Captioned web image data
·····

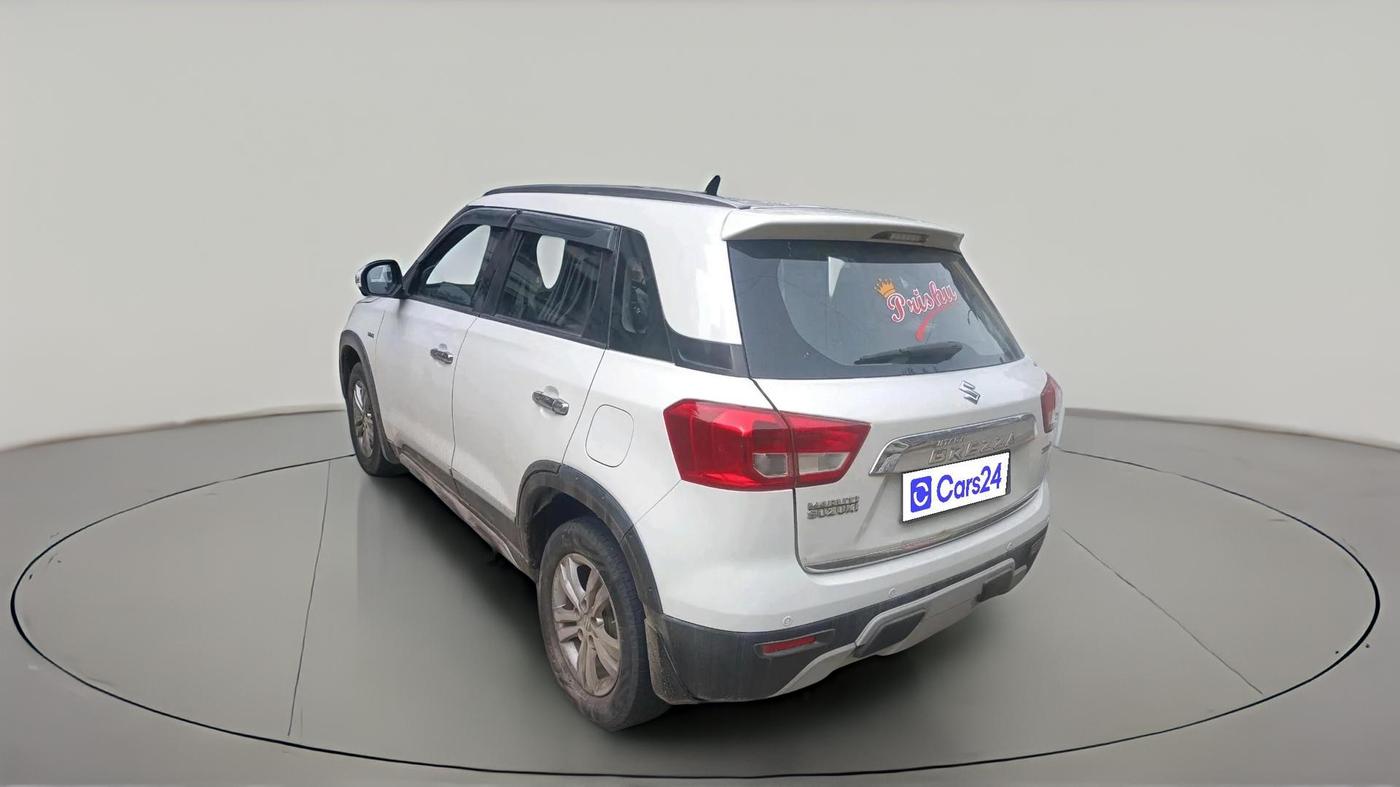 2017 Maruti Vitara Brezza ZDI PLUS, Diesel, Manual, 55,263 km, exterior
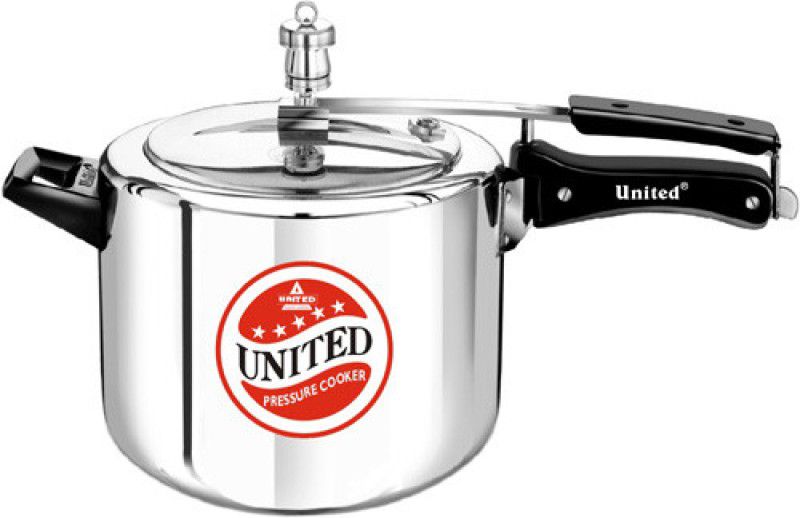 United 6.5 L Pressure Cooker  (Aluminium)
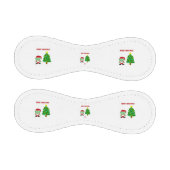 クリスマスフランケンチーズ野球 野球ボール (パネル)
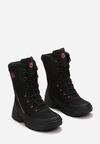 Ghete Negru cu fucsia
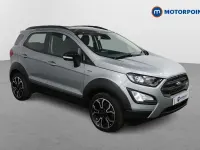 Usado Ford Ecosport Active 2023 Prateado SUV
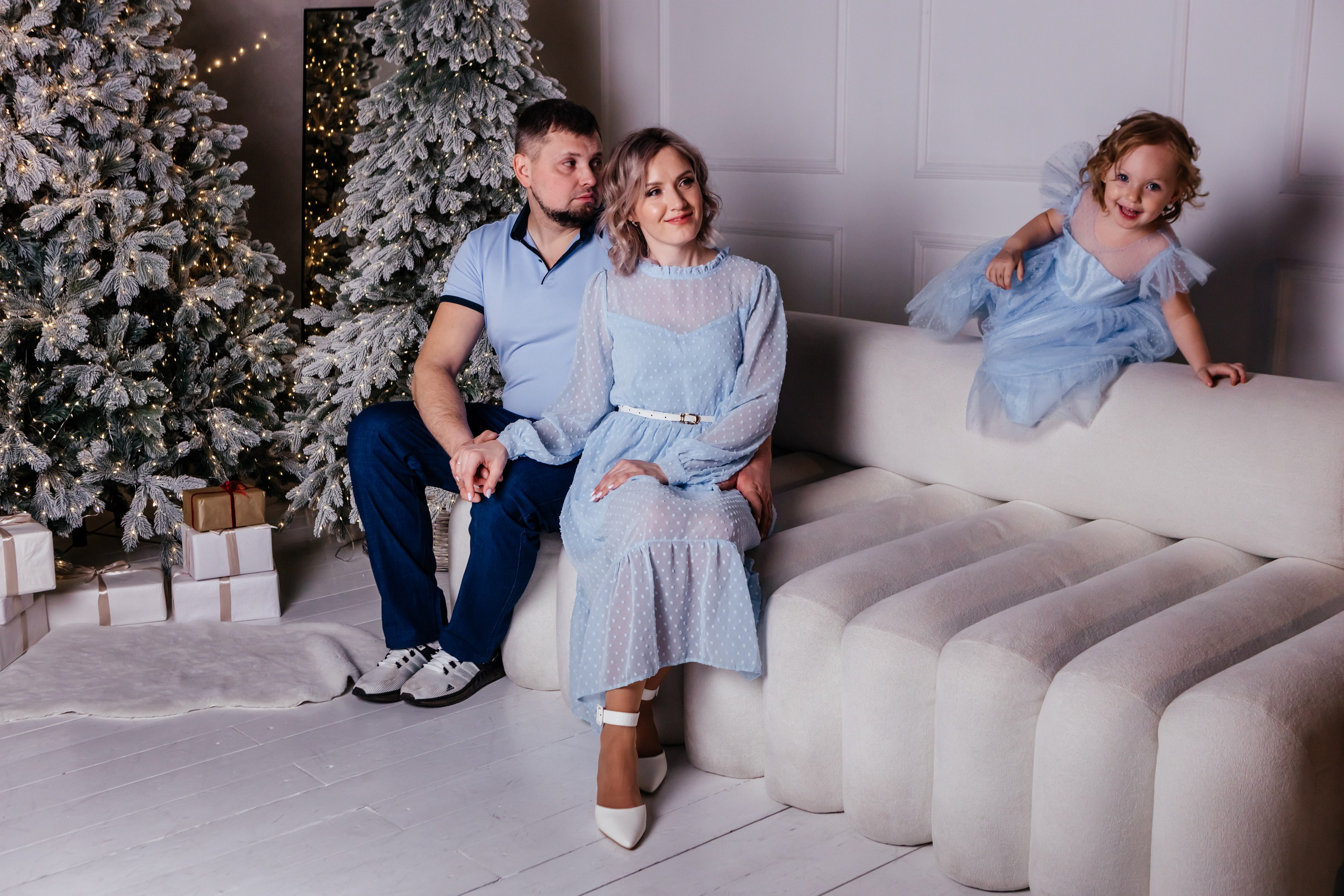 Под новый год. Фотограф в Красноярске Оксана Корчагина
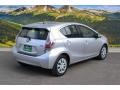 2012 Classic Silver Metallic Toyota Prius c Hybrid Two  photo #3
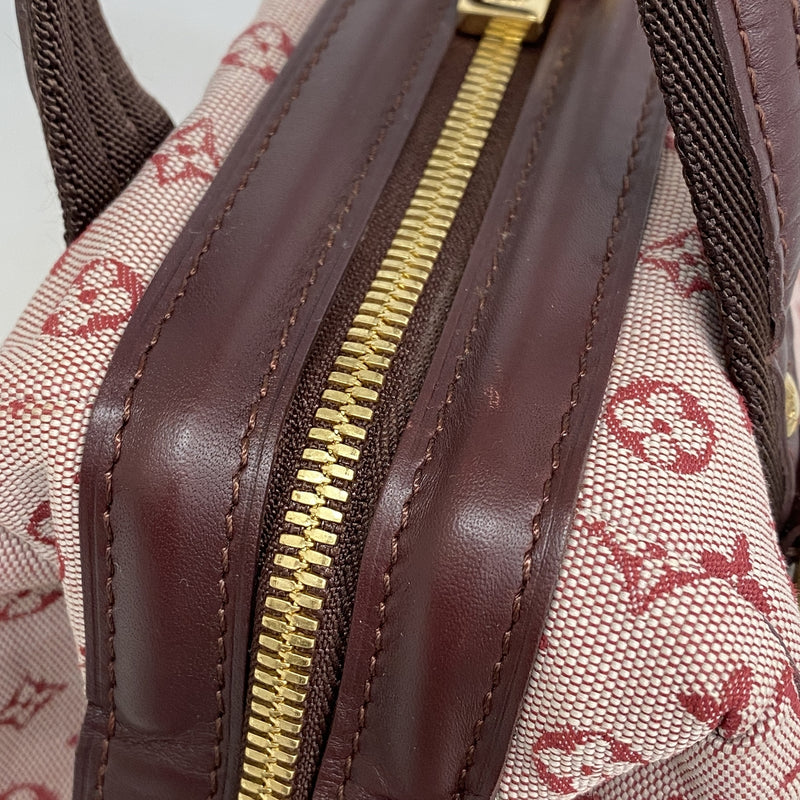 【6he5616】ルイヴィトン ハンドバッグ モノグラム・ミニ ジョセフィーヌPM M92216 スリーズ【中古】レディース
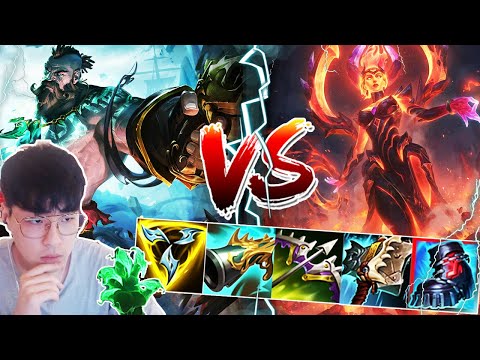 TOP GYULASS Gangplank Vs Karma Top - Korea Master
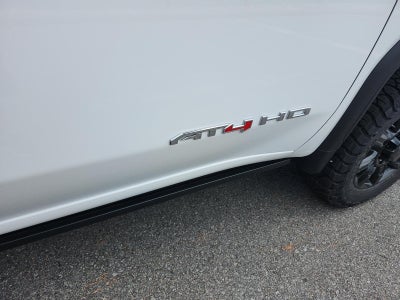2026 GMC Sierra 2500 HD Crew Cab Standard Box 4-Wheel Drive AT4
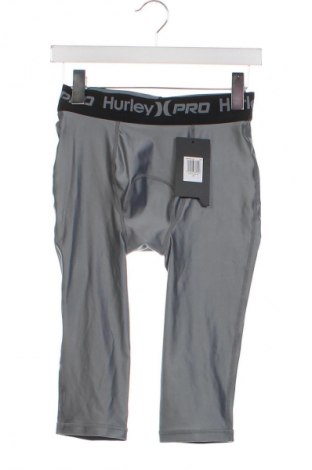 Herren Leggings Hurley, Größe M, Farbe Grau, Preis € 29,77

·····

Write out, word for word, the line containing "TOP GYULASS Gangplank" and each line after it to the end of the data, and nothing more. Drop the pictures.

 TOP GYULASS Gangplank Vs Karma Top - Korea Master
2026 GMC Sierra 2500 HD Crew Cab Standard Box 4-Wheel Drive AT4
 Herren Leggings Hurley, Größe M, Farbe Grau, Preis € 29,77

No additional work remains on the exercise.